Goal of the exercise:
Copy the data exactly as it appears, and do not include any pictures.

Stored data:
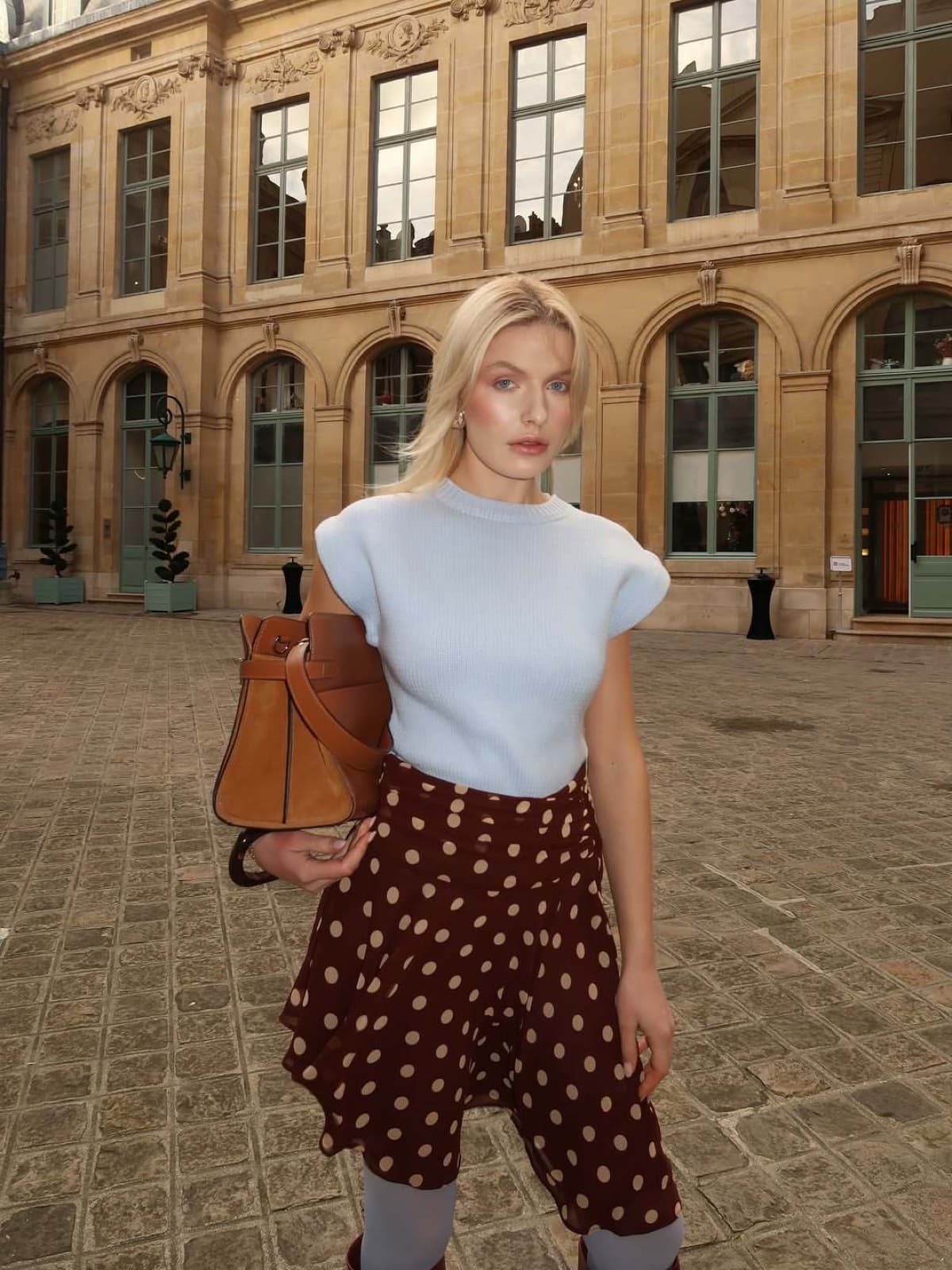 Woman in a Parisian courtyard during a fashion photo session by SabShots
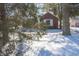 View of a brick home with white trim, surrounded by snow and trees at 1701 Broad Ripple Ave, Indianapolis, IN 46220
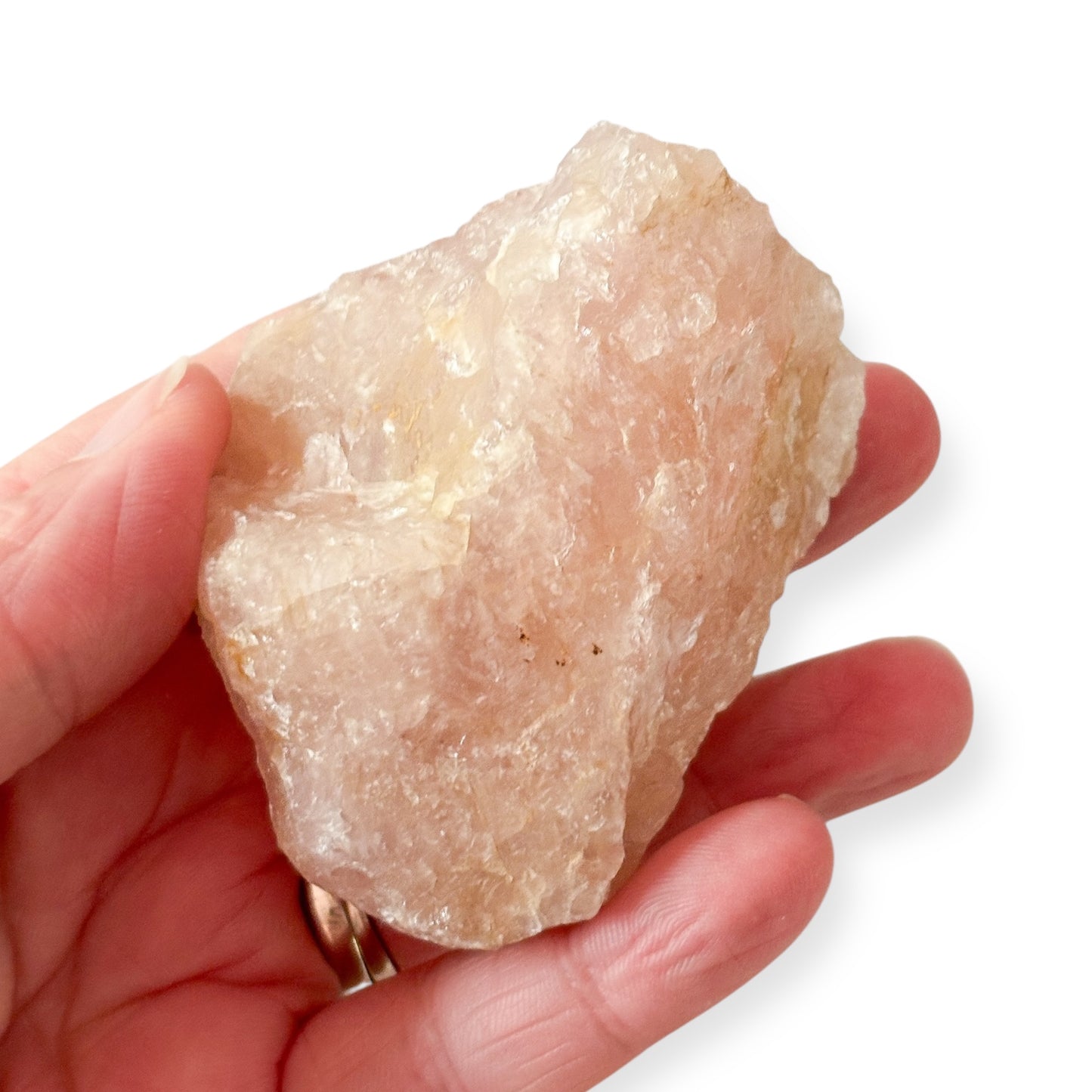 Hand holding medium rough Rose Quartz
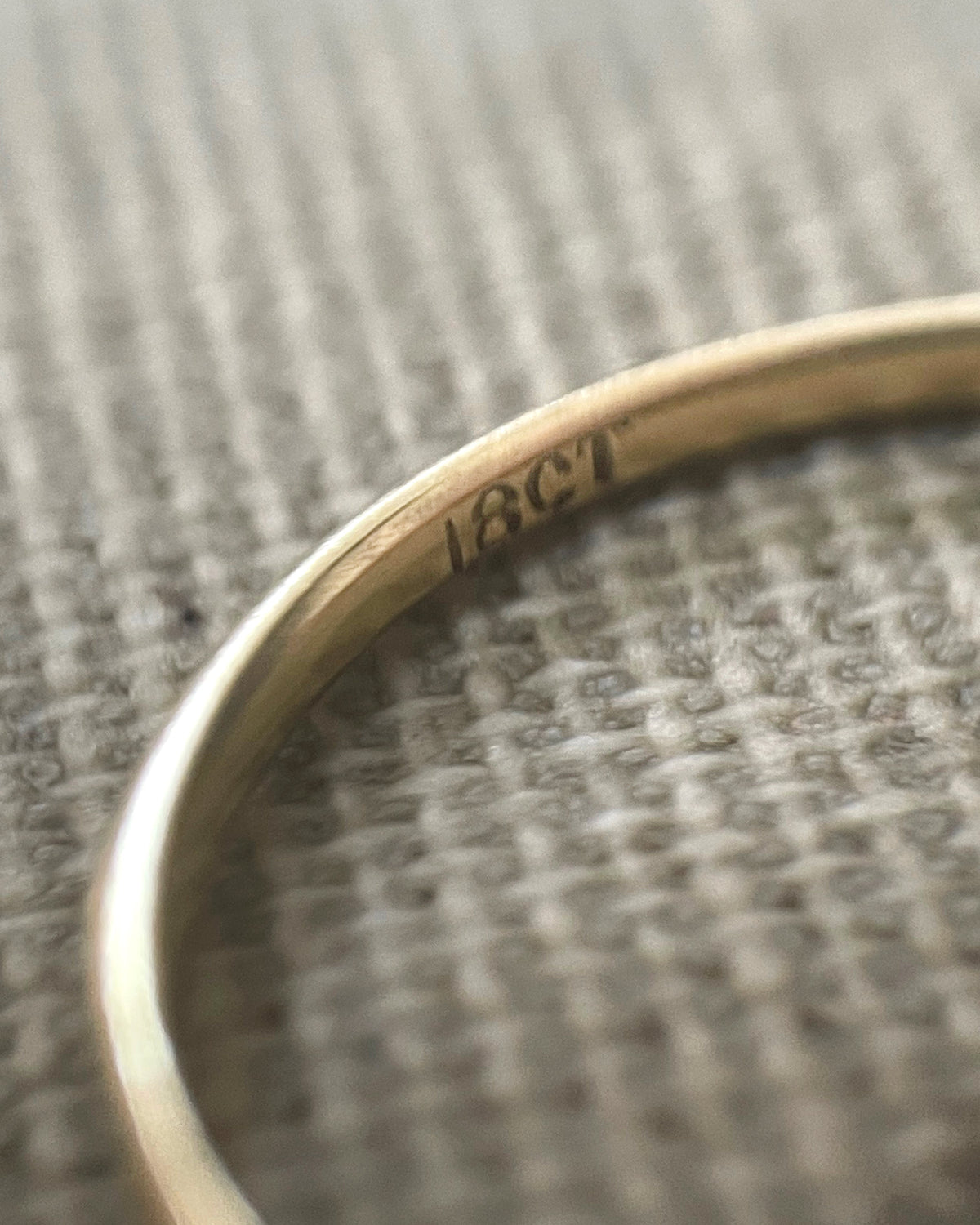Magnified close-up of the 18CT gold mark inside the shank of an antique five-stone diamond ring, viewed through a jeweller's loupe.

Solution:
 Woman in a Parisian courtyard during a fashion photo session by SabShots
 View of a brick home with white trim, surrounded by snow and trees at 1701 Broad Ripple Ave, Indianapolis, IN 46220
 Hand holding medium rough Rose Quartz
Magnified close-up of the 18CT gold mark inside the shank of an antique five-stone diamond ring, viewed through a jeweller's loupe.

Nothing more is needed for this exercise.